Para o Conar (Conselho Nacional de Autorregulamentação Publicitária), propaganda criativa e divertida fere o código, e publicidade de enaltecimento dos vapes, não.
Por exemplo, resolveu sustar, a pedido da Suzano, a brilhante campanha do papel higiênico Supra ‘Até os Neves preferem’, uma das mais divertidas a que assisti, ultimamente, e arquivar a denúncia contra o anúncio da BAT, em página dupla na Veja, que faz o enaltecimento do cigarro eletrônico, de que já tratei em artigo específico.
Participei do Conselho de Ética do Conar, em duas ocasiões. Fui voto vencido em algumas situações, mas, de um modo geral, sempre me pareceu que havia coerência nos julgamentos realizados pelas câmaras.
Os dois casos a que me refiro agora, no entanto, escapam completamente ao meu entendimento. E me despertam uma dramática suspeita: o Conar perdeu o rumo? O que eu chamo de rumo? Diretrizes claras e interpretações inteligentes do código.
Pressinto que estaria havendo uma espécie de guinada, em direção ao que se poderia chamar de interesse corporativo. Fato que estabeleceria novos padrões de avaliação, sustentados em interesses específicos, em desprezo a valores fundamentais para a sobrevivência da boa propaganda.
Compreendo que as reuniões das câmaras do Conar não sejam reuniões de julgamento da qualidade das campanhas para algum prêmio.
Mas também não aceito que sejam encontros voltados à repressão ao processo criativo e ao bom humor, ou vocacionados à tolerância com mensagens visivelmente suspeitas, em nome da proteção dos interesses de associados. O Conar não é propriedade de grandes anunciantes, nem de grandes veículos, nem de grandes agências.
O Conar é resultado de um esforço coletivo do mercado publicitário, negociado com habilidade e sabedoria, e que, assim, evitou a sujeição da propaganda à biruta dos políticos. Um trabalho árduo, resiliente e paciencioso, que merece, portanto, o nosso mais profundo respeito.
Cada reunião das câmaras e cada voto dos conselheiros deve carregar o legado dessa luta, empreendida por personalidades e entidades pioneiras, na defesa da liberdade de anunciar e no combate àquilo que compromete a imagem da publicidade.
Decisões errantes e contraditórias, ou que ignorem os fundamentos que fizeram do Brasil um dos países mais premiados do mundo, não só desvalorizam o Conar, mas atingem cruelmente a essência daquilo que nos deu excelência: a criatividade nas ideias e a ética na postura.

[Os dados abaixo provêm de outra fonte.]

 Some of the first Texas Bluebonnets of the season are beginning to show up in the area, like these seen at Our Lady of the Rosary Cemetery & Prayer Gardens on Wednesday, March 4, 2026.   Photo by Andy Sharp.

Afinal, alguém, em sã consciência, me diga a razão de não se poder usar, de forma bem-humorada, testemunhais de membros de “famílias Neves” ou referências a “Jarbas”, para vender um papel higiênico, que concorre com o papel higiênico Neve, da Suzano.
Li o relatório que pede a sustação da campanha e asseguro que, em 47 anos da sua fundação, essa foi a decisão mais bizarra que eu já vi o Conar tomar.
Vou aguardar o relatório da decisão que acolheu o recurso da BAT sobre o anúncio de vapes, e que pediu arquivamento da denúncia, para voltar ao tema.
A história do Conar merece que esses fatos sejam, no mínimo, seriamente, discutidos.